This year, as I sat on the river-smoothed basalt with my feet in the cold rushing Deschutes, I waited. I waited for that moment of connection that always comes, the moment I become conscious of what’s always true: river, birds, canyon walls, sky, and I are one. Words will forever be inadequate to express this deep feeling of oneness with Earth and her creatures. What feels authentic and necessary is to rest in that oneness and praise it.
Praise be to you, oh river. Praise be to you, oh dipper. Praise be to you, oh canyon. Praise be to you, clouds and swallows and vultures. Praise be to you, oh my body that brings me here. Praise be to Earth and all who dwell within her.
I’ve been away for a while, finishing my novel. It’s my second big pandemic project. (My first one was becoming a Certified Wayfinder Life Coach. I finished my training back in 2012 but never jumped through the certification hoop.)
This novel erupted out of me in March of 2017. Its seed was a dream I had about a woman walking the Camino de Santiago who follows her soul’s urging to step through a little door into a Spanish church. Magic things happen. I totally “pantsed” it, a writing term that means I made it up as I went along. Magic happened because I pantsed it. I would never have had the courage to write some of what I wrote if I’d been following an outline.
Finishing this work has been challenging for me. I’ve shared bits and pieces on this blog, made sporadic attempts to edit and revise, but couldn’t muster up the energy to buckle down and get ‘er done. I’ve had to write connecting scenes and invent characters to make it all make sense. I’ve never written a novel before, and since I think I need to do everything perfectly the first time, whether I’ve done it before or not, I got just a wee bit stymied.
Now it’s coming, and it’s coming soon. I decided to publish it as a free PDF on my website, which lowered the pressure enormously and made finishing it possible. Those of you who’ve been asking when you can read the whole thing, I’m aiming for June 1st. Putting this child out into the world in an imperfect form (and believe you me, is it ever imperfect) is a huge stretch for me. But it’s taking up room in my creative abode, and it needs to leave home.
How are your toddler disciplines going? Are you doing things that help you stay here and now?
My own life hasn’t changed all that much, yet waves of fear and grief wash over me unpredictably and I sometimes feel out of control. There’s a lot of that going around.
Panic comes from trying to resist and control what’s uncontrollable: the virus, the future, other people, those waves of grief and anxiety. Remember, this present moment is the only refuge from what we can’t control or predict.

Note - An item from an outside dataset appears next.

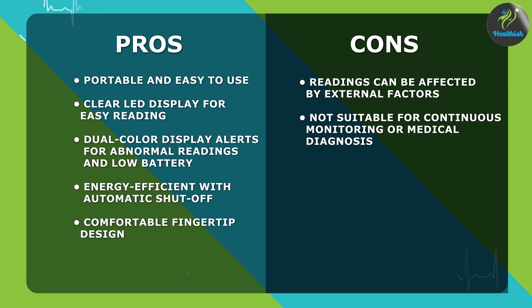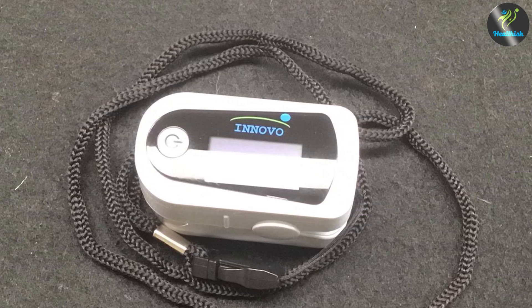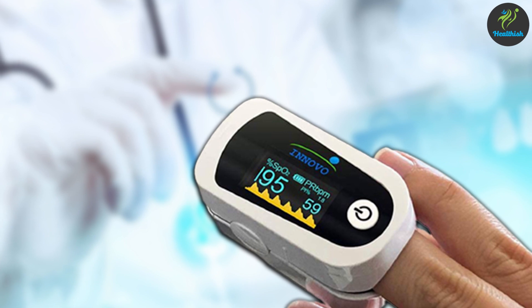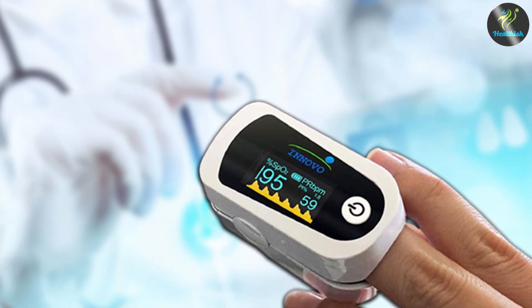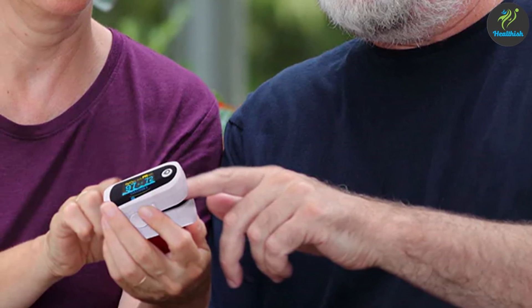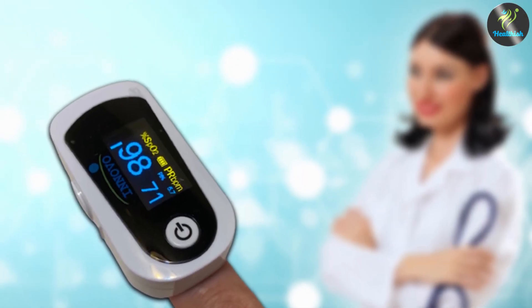The Innovo Premium IP900BP Fingertip Pulse Oximeter offers a user-friendly and reliable solution for monitoring your blood oxygen saturation levels and pulse rate. Its compact design, accurate measurements, and clear LED display make it a valuable tool for those who need to monitor their SPO2 levels regularly. However, it's important to remember that this device is not intended for continuous monitoring or medical diagnosis. Always consult with your healthcare provider for any concerns or medical advice.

Anchoring into your breath will help you stay present. You always have your breath, as long as you’re alive. And it’s the perfect metaphor for what we need to be about these days: accepting the reality of this present moment and surrendering attempts to control what isn’t ours to control.

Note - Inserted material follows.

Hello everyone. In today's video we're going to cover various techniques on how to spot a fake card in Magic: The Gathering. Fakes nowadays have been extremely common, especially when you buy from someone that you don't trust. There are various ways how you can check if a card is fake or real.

Martha Beck, as well as many other mostly Buddhist teachers, teaches this “accept and surrender” meditation. Doing it once will help. Doing it for five minutes will help even more. Doing it for twenty minutes in the morning and again in the evening is ideal. But doing it is the helpful thing. Try not to let the perfect be the enemy of the done.

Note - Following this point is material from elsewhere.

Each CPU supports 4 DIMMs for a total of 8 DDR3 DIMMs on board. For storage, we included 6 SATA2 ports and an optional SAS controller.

Ready? Here it is. Sit quietly. With every inhalation, say to yourself, “Accept.” With every exhale, say to yourself, “Surrender.” That’s it. That’s all you need to do. When your mind wanders, as it inevitably will, just gently return to your breath and these two words. This is all you do.
You can embellish if you choose. You can substitute other words. (I find “Let go” fits my brain better than “surrender.”) You can expand the words, maybe saying “I accept this world as it is” on the inbreath and “I surrender control of this world” on the outbreath. Whatever. Just, please, do it. It will help.
Every breath is a little resurrection. You drew your first inbreath when you were born, and your last exhale will be at the moment of your death. Every breath in between birth and death can be an acceptance of this life just as it is, followed by letting go of any attempt to control this amazing gift.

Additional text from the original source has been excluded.